■ **EXERCISE DETAILS**:
Since only part of the material below is wanted, output exactly the lines from the one with "Senate Majority Leader" up to and including the one with "aerial cut bank".

■ **DATASET EXTRACT**:
==============================
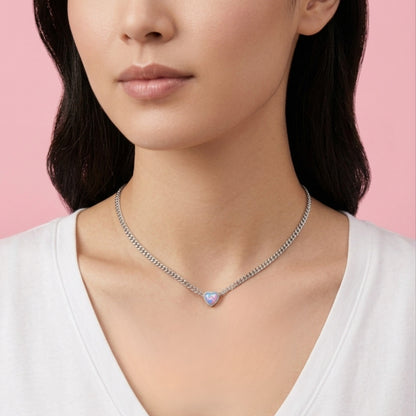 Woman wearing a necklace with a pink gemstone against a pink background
==============================
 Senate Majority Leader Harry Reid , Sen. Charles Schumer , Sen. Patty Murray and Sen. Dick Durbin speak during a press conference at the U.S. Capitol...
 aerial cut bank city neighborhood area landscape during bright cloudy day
==============================
■ **PROBLEM SOLUTION**:
 Senate Majority Leader Harry Reid , Sen. Charles Schumer , Sen. Patty Murray and Sen. Dick Durbin speak during a press conference at the U.S. Capitol...
 aerial cut bank city neighborhood area landscape during bright cloudy day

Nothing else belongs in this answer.